VirtualToxLab
oder wenn die Informatik Tierversuche auf
vorteilhafte Weise ersetzt
Das Schweizer Forschungsinstitut Biographics
Laboratory 3R mit Sitz in Basel hat die
Software VirtualToxLab entwickelt. Dieses
virtuelle In-silico-Labor ermöglicht
es, innert wenigen Stunden und somit
innert kürzester Zeit die Toxizität
von pharmazeutischen Produkten, chemischen
Komponenten und natürlichen Substanzen
zu bestimmen. Es beruht auf der modellhaften
Nachbildung von Interaktionen, die zwischen
der Testsubstanz (z.B. ein Medikament)
und einem Dutzend Proteine stattfinden,
die sich in den Zellen des menschlichen
Körpers befinden. Diese wirken sich
auf den Organismus schädlich aus,
wenn sie mit gewissen Substanzen in Berührung
kommen. Eine starke Affinität des
getesteten Moleküls für eines
dieser Proteine deutet meist auf eine
toxische Wirkung hin.
Bis anhin
erfolgen die meisten Toxizitäts-Tests in
vivo. Eine umfassendere Verwendung
dieser Art von Instrument würde
es somit erlauben, Tausenden von Tieren
das Leben zu retten.

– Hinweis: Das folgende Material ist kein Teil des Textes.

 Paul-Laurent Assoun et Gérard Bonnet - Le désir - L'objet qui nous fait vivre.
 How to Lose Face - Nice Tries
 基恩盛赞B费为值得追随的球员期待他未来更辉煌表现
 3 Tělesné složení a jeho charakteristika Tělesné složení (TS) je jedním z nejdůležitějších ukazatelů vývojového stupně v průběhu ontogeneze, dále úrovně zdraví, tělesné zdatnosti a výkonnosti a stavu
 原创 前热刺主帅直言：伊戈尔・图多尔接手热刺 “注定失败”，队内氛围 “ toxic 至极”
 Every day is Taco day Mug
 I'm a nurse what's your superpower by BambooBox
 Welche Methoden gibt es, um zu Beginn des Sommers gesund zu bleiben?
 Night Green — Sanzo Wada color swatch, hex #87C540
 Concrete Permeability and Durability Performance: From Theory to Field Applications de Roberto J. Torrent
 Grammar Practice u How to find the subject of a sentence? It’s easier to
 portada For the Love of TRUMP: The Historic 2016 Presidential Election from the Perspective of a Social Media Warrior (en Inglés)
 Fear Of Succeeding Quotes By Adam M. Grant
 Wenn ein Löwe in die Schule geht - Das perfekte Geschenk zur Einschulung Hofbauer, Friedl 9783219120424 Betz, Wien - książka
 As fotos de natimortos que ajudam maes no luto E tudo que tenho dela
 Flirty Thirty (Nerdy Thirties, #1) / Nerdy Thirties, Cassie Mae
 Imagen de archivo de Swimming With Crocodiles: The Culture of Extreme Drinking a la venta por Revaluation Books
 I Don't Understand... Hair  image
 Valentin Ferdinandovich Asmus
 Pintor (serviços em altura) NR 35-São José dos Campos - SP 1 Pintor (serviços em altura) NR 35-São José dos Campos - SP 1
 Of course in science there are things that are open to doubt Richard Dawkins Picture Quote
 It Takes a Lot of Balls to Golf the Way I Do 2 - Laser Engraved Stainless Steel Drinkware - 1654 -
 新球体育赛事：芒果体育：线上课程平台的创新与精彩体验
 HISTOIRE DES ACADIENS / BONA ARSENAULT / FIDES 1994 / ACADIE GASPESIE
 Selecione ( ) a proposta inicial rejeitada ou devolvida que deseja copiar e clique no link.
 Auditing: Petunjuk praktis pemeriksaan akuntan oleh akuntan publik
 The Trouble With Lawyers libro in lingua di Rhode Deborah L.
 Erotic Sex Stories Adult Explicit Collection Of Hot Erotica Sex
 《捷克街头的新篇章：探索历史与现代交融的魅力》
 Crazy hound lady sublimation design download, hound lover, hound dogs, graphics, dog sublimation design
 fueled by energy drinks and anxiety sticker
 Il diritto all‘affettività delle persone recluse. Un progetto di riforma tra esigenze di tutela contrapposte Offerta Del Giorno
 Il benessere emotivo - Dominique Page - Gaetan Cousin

Die Software kann
zudem für die biomedizinische
Forschung von grossem Nutzen sein.
Jedes Jahr werden Tausende von Substanzen
getestet, die für die Medikamentenforschung
von potenziellem Interesse sind. Anfänglich
viel versprechende Substanzen erweisen
sich schlussendlich häufig als
toxisch. In der Folge müssen die
Forschungen unterbrochen werden. Die
Verwendung einer Software wie VirtualToxLab
würde es somit erlauben, die Moleküle
noch vor ihrer Synthese im Labor zu
testen und von Beginn weg diejenigen
zu eliminieren, die ein toxisches Potenzial
aufweisen.
Einen weiteren
umfassenden Anwendungsbereich stellen
die chemischen Produkte dar. Im Zusammenhang
mit der europäischen
Gesetzgebung REACH, im Rahmen derer die
Toxizität von rund 30'000 chemischen
Substanzen getestet werden soll, ist
Prof. Angelo Vedani, Gründer des
Biographics Laboratory 3R, der Ansicht,
die entsprechenden Substanzen könnten
mit VirtualToxLab getestet werden. Auf
diese Weise liessen sich die toxischsten
Komponenten in silico statt
an lebendigen Tieren testen. Um dies
zu ermöglichen, muss die Methode
jedoch vorgängig anerkannt und von
den Stellen validiert werden, welche
für die Regelung zuständig
sind.
Seit 2007
wird VirtualToxLab allen Organisationen
zur Verfügung gestellt, die im wissenschaftlichen
Bereich tätig sind. Gegen ein bescheidenes
Entgelt ist das Modell via Internet für
die Universitäten, nicht Gewinn
orientierten Umweltverbände und
Regierungsagenturen zugänglich.
Gegen einen höheren Preis kann auch
die Industrie davon profitieren.
Bis anhin wurden über 2'500 Produkte
getestet. Sämtliche Resultate stehen
auf der Website www.virtualtoxlab.org zur Verfügung.